The principal feature of Longines No. 2,241,923 shown in the photograph that would have not been found on a Longines wristwatch made in 1909; the luminous dial and hands, show that this watch started life in 1909 as a small open face pendant or fob watch that was converted into a wristwatch, a trench watch with a luminous dial, at the Longines factory in 1915.
The Great War created a huge demand for wristwatches. Initially Longines was able to fill orders with purpose made wristwatches, but by 1915 demand was outstripping supply. Thirteen ligne open face fob watches were a suitable size for wristwatches, so fob watches like number 2,241,923 were drawn from stock and converted to wristwatches by removing the bow and cutting down the pendant, soldering wire lugs to the case and fitting a new luminous dial and hands.

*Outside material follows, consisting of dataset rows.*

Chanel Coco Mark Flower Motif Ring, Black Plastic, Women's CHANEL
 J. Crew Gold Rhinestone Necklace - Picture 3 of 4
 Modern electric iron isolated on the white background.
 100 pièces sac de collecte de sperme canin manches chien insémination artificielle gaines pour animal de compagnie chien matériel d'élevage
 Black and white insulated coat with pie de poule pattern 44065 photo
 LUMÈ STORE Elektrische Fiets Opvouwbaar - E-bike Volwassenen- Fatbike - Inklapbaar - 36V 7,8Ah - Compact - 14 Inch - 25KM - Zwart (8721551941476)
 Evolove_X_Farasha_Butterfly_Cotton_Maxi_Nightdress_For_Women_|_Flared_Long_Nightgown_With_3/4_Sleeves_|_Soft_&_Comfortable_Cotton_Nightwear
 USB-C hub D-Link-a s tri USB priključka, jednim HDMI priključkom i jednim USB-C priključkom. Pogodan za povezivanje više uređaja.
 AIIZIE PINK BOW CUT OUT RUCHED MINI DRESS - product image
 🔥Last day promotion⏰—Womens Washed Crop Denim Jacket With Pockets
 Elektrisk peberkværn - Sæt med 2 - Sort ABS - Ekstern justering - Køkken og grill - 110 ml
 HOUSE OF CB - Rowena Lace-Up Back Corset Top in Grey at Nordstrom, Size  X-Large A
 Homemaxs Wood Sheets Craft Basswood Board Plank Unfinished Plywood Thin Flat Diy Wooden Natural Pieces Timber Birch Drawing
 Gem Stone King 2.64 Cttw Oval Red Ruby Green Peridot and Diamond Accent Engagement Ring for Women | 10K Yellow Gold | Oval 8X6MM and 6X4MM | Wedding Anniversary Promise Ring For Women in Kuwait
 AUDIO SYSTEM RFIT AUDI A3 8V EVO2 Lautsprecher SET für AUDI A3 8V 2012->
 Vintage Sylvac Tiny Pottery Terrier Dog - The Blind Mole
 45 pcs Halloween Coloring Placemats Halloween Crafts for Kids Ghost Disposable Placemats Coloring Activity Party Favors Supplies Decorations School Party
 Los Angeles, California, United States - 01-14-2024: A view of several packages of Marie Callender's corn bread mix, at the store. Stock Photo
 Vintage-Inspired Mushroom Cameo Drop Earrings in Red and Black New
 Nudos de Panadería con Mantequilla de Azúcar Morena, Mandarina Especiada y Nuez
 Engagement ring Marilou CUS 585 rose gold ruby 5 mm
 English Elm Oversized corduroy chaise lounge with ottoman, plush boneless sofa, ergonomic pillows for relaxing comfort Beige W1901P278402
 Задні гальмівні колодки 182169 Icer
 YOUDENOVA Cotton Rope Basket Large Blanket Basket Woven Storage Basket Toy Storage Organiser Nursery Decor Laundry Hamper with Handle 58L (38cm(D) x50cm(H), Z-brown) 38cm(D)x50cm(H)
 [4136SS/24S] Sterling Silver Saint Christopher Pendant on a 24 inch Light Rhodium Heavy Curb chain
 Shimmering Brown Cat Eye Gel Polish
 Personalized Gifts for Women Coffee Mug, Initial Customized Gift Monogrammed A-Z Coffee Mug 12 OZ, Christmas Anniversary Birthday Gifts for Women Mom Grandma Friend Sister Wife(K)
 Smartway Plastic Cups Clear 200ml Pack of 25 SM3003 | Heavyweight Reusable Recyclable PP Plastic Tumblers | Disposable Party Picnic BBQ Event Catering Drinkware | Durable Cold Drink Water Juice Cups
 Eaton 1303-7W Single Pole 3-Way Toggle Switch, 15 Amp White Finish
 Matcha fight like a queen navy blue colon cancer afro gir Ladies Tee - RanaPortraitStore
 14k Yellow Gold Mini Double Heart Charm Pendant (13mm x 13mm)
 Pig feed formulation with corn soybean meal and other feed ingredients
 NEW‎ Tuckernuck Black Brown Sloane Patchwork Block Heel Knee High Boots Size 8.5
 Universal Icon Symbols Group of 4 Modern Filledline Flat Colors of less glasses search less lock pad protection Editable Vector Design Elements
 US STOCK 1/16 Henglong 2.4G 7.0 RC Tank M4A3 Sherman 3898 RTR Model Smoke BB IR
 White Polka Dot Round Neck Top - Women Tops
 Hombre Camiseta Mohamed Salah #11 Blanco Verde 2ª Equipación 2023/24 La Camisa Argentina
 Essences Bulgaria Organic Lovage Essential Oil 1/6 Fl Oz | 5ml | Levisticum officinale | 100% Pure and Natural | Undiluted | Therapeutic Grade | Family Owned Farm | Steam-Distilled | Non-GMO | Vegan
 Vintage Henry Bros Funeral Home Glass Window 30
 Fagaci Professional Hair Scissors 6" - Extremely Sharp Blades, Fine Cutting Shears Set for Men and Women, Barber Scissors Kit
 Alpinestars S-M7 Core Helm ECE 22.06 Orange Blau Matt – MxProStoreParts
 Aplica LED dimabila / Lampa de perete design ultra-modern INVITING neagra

Because the movement is a Lépine, the small seconds on the new dial would have been at 9 o’clock, so instead of putting a samll seconds dial at this unusual position, which would have looked a bit amateur, the arbor of the fourth wheel was shortened and the seconds indication omitted from the dial. This was not ideal, a small seconds indication was useful to reassure an officer that his trench watch was working when it could not be heard ticking due to the noise of gunfire, but needs must and the demand for wristwatches was great.
This watch is clear evidence that conversions of pocket watches into wristwatches took place during the Great War due to the sudden overwhelming demand by new officer's for trench watches, which demand was soon followed by newly enlisted men of other ranks. Many conversions were performed by jewellers and are easily spotted. This conversion was more competently done at the Longines factory and is not so easy to spot, but Longines archives are an invaluable record and show without doubt what actually happened.
Further proof of this is that many converted pocket watches bear British import hallmarks. Whatever the hallmark date, import hallmarks show that the watch was imported after 1 June 1907 when import hallmarking of watch cases began. But my 1906 IWC wristwatch, which has no hallmarks because it was imported in January 1907, shows that purpose made men's wristwatches were being made before these later imports were converted into wristwatches. Since purpose made wristwatches were available, why would anyone go to the trouble before the war of making an unsatisfactory wristwatch by adding strap lugs to a fob watch? Especially at a time when there was very little demand for men's wristwatches at all.
The evidence shows that wristwatches made from converted pocket watches did not precede purpose made wristwatches. Conversions of pocket watches into wristwatches were done during the Great War, when the supply of wristwatches could not keep up with the demands of newly commissioned officers urgently getting kitted out for the front.